O’Rourke’s life comes alive through Ferris’s skilled writing. For instance, when he wants to describe his poor upbringing, he doesn’t just say he had a poor upbringing; he says, “There were no poorly attended funerals in the Santacroce family, no scrounging for quarters under the car seats, non runs to the recycling center for macaroni money, no state-appointed psychologists; no suicides.” So much more is offered thanks to his lively descriptions. You’ll also be treated to some new terminologies (which I may have to borrow, too), such as the “me-machine”, the “thunderbox”, and being “c**t gripped” (as opposed to being “p***y whipped”).
This book is funny, yes, but so much, much more. You’ll sit beside O’Rourke as he watches people in the mall, and you’ll nod your head in agreement.
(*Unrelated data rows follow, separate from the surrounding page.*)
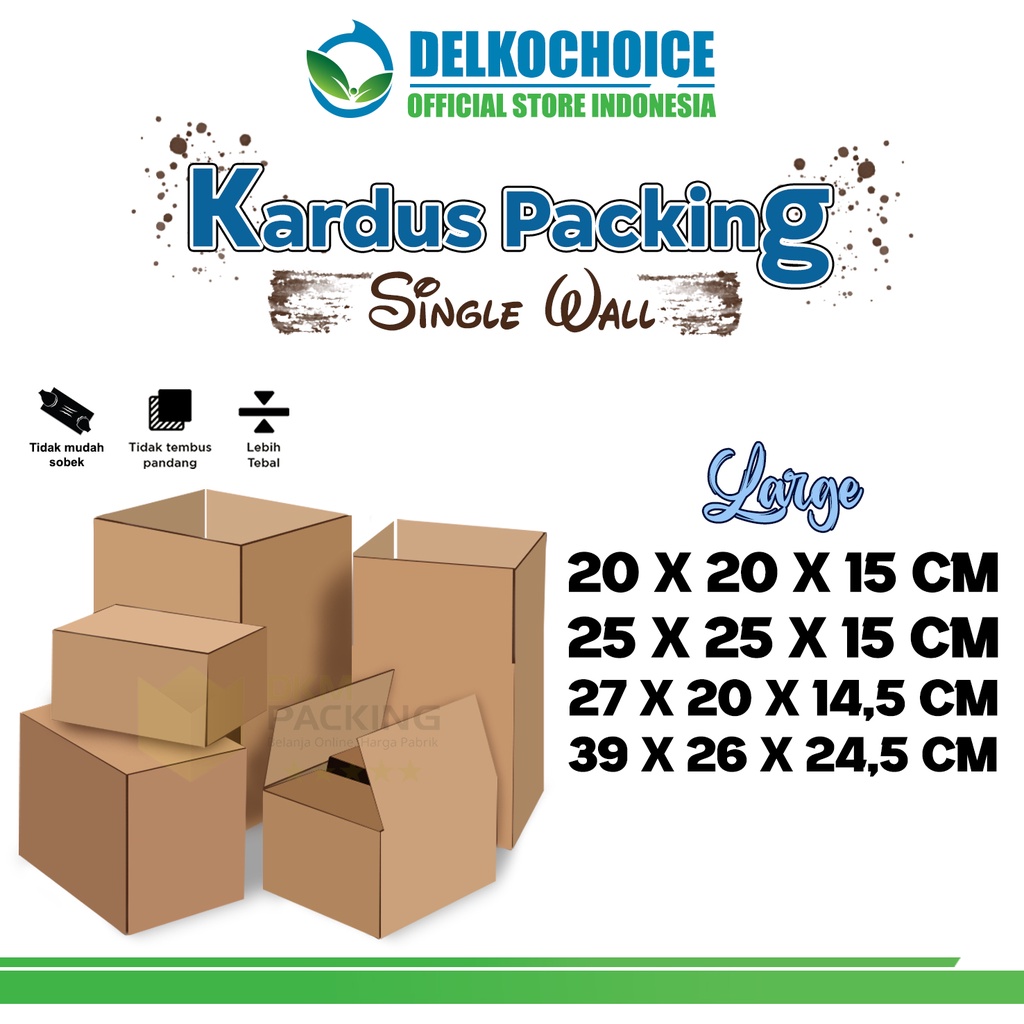 

KARDUS KARTON PACKING LARGE BOX KOTAK DUS RUSFET BESAR PACKAGING POLOS TEBAL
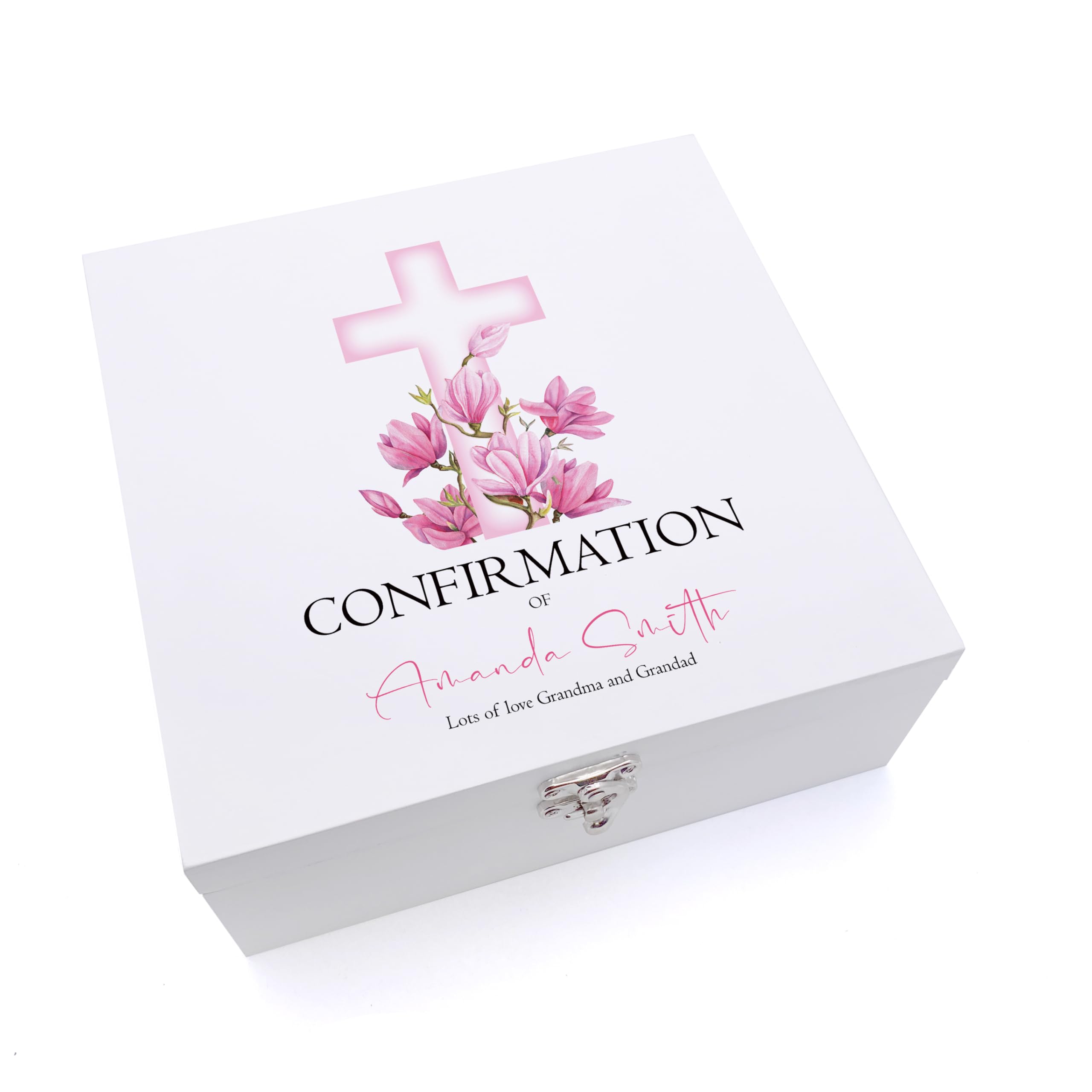 ukgiftstoreonline Personalised Confirmation Day Wooden Keepsake Memory Box With Pink Cross (Medium)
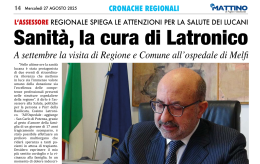 Sanità lucana, la cura di Latronico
When he upgrades his equipment in his office, you’ll get the point when he says “so that we could do everything electronically better than we could do it electronically before.” And when his e-mail tormentor replies to him, “what do you really know of your life?”, you’ll pause your reading, set the book in your lap, and think about what you really know of your life.
And if anything else, you’ll want to floss more.
Thank you Little, Brown and Company for sending this book to me for review: I really loved this book.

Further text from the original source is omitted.